異法人の夜-Foreigners night-

-Walk Together-
倉凪梢と榊原遥の章「榊原遥と泉の里(後編)」
 窓から差し込む月明かりが、郁奈の顔を照らす。それは嘘や冗談を言っているような顔ではなかった。
「――そっか」
 なんとか口に出せたのはその程度だ。
 常盤から泉の里が滅びたときの話を聞いて、その後すぐに郁奈に大事な話があると呼び出された。それが二年前の話だということは、なんとなく察することができた。
 常盤の話にも驚かされたが、郁奈の話はそれ以上に衝撃的だった。
 二〇〇五年に梢が死ぬ。
 今はもう二〇〇五年の十月。残された時間はあまりに少ない。
 郁奈が自分の『悪夢』の話をしたのは、残り時間が少なくなってきたことと、常盤の話が原因だという。確かにこの『悪夢』の話をするには絶好の機会だ。
「分かった。信じるよ」
 郁奈の話はスケールが大き過ぎて、荒唐無稽の感がなくもない。それだけに却って嘘や冗談のようには思えなかった。
 それに、遥は二年前に一度郁奈の『悪夢』に触れている。あの残酷で生々しい感覚は今でも思い出すことができるくらいだ。
「遥。どうしたらいいのかな」
 助けを求めるような声。
 否、実際に求めているのだろう。
 郁奈は袋小路のような運命に、一人きりで向き合い続けてきたのだ。
「常盤の話を聞いて、梢はどうするかな」
「それは」
 土門荒野という危険因子を実の父に埋め込まれた事実に、梢はさほどショックを受けていないようだった。むしろ、何かを受け入れるような――諦観の表情を浮かべていたように見えた。
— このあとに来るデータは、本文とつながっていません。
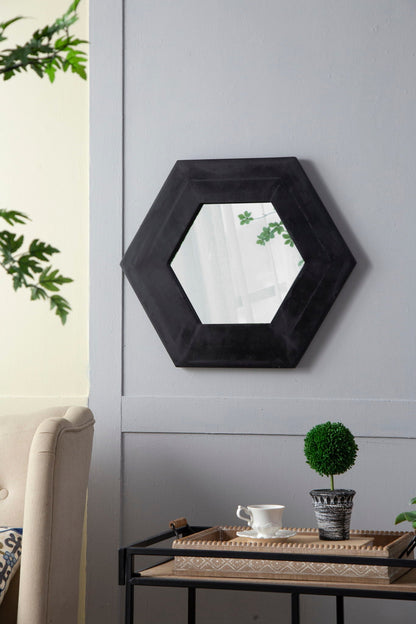 Hexagon Natural Wood Frame Mirror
 梢は優しい。困っている人がいれば手を差し伸べてしまうタイプだ。そして、困っている誰かのために、我が身を平気で捨ててしまうようなところがある。
 常盤の話を聞いて、彼が何を思ったのか。想像するのが怖い。
「郁奈ちゃんの『夢』の中では――どうだった?」
「私の夢で常盤が出てきたことはないの。泉の里に来るってこともなかった。でも」
 土門荒野に乗っ取られて皆を危険に晒すくらいなら。
 大抵の場合、土門荒野のことを知った梢は姿を消す。そして、多少の時間差はあれど命を落とすことになる、と郁奈は言った。
 遥は窓の外を見た。
 泉の里は土門荒野に乗っ取られた父が滅ぼした。そのとき、多くの人々が命を落とすことになったのだという。
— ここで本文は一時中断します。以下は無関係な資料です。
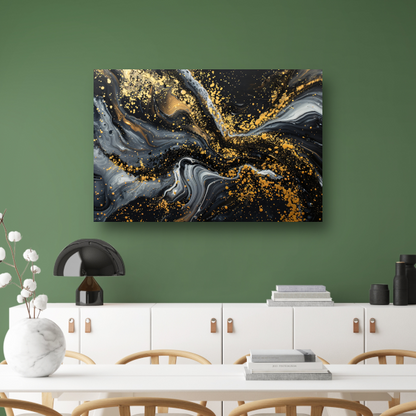 Dynamisch Golvend Abstract Goud en Zwart poster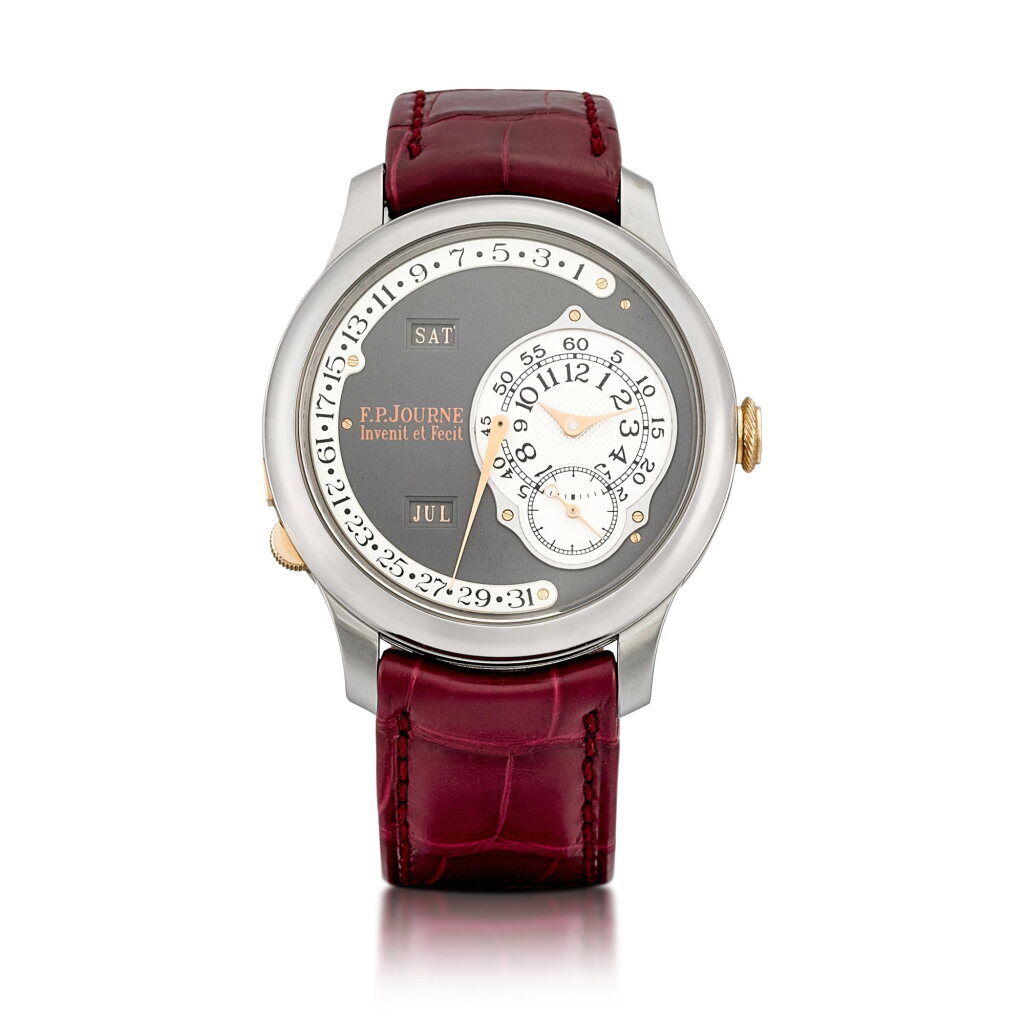 View full screen - View 1 of Lot 2155. Octa Perpétuelle Anniversaire Tokyo | A limited edition titanium and pink gold perpetual calendar wristwatch with day, retrograde date, leap year indication within the month of February and ruthenium dial, Made to commemorate the 5th anniversary of F.P. Journe boutique in Tokyo, Circa 2010 | F.P. Journe | Octa Perpétuelle Anniversaire Tokyo | 限量版鈦金屬及粉紅金萬年曆腕錶,備逆跳日期、星期、二月中閏年顯示及釕金屬錶盤,為紀念F.P. Journe東京專門店5週年而製,約2010年製.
 父はそうなることを見越して、自分が周りの人々を傷つけることを恐れ、梢の父に自分のことを殺すよう頼んでいたのだという。
 惨い話だ。
 常盤の話は、誰一人救われることのない惨い話だった。
 それと同じことが、十二月にまた起きる。
 秋風市で土門荒野が復活したら、犠牲者は泉の里の比ではないだろう。郁奈が夢で見てきた数多の平行世界では、多大な犠牲により都市が壊滅したこともあるらしい。
「土門荒野の復活は、間違いないんだよね」
「うん。二〇〇五年の十二月に。それは、間違いない」
「……」
 いきなり突きつけられた大問題に、頭が追い付いていかない。
 土門荒野の復活は認められない。秋風市には友達もたくさんいる。彼らを死なせたくはない。それに、土門荒野の復活は梢の死にも繋がる。
 問題は、どうやって復活を防ぐかだ。
 郁奈の話だと、魔術同盟をはじめとする各組織は梢と草薙樵の抹殺によって、被害を最小限に抑える方法を採ることになるという。そうすると土門荒野は弱った状態で次の宿主の元に転移する。根本的解決にはならないが、確実で犠牲も少ない。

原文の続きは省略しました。